上观新闻:大学不能用高高的围墙,把自己和社会隔绝开来。
章开沅:我主张一个100万人口左右的县级市,要与一所学科比较齐全的大学挂钩。这样,教育的面才能直接覆盖到基层,让县域经济得到科研动力。
我们学校就曾经帮助仙桃市一家濒临破产的农药厂,把它改造成当地的支柱企业。那是我们一位前苏联留学归来的教授搞的项目,开始是厂校挂钩,后来就跟整个仙桃市挂钩。仙桃市后来的五年、十年经济社会发展规划都是我们学校的师生和他们一起编写的。他们办干部培训班,我也去讲过课。我还带着一批专家,下去走街串巷,到田间地头作调查。后来根据统计,科研因素在仙桃市的GDP中占比曾达到17%,很不简单啊。
上观新闻:大学要走进社会、服务社会,但同时也要与社会上的功利浮躁保持距离。怎么掌握这个分寸呢?

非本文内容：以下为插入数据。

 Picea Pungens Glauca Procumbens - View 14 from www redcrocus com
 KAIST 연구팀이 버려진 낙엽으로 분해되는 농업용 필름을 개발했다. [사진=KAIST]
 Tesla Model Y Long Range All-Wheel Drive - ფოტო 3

章开沅:大众教育不能庸俗化。大学毕竟是大学,应该有批判社会、改造社会的功能。现在我们的问题是错位了,大学自己把自己摆低了。有的大学只讲市场,市场不是“万岁”,教育才是“万岁”。在自然经济形成之前,没有市场,但是有教育,有人类就有教育。教育就是要自我完善,还要促进社会的完善。现在片面强调学校必须适应社会的一面,似乎不太重视批判社会、引领社会的一面,这是不对的。
教育家要记住 “君子慎独”的古训,多一分清高和风骨
上观新闻:在您心目中,什么样的人来担当大学校长最为适宜?
章开沅:大学校长非教育家莫属。什么是教育家?我不能说自己就是个教育家,但毕竟我是受了多方面良好熏染的,干了一辈子,自然而然成了习惯,时时刻刻想着“教育”两个字。教育家不是成天打算盘算钱的,教育家应该有很高的思想境界。教育的本原是“爱”,而非灌输。大学是文明的传承者,文化的整个长河靠教育流动绵延。大学校长必须是教育家,教育家的眼里是“人”而非“物”,是对人的内心修为的培养以及其所处的外部环境的改造,而非单纯功利的算计。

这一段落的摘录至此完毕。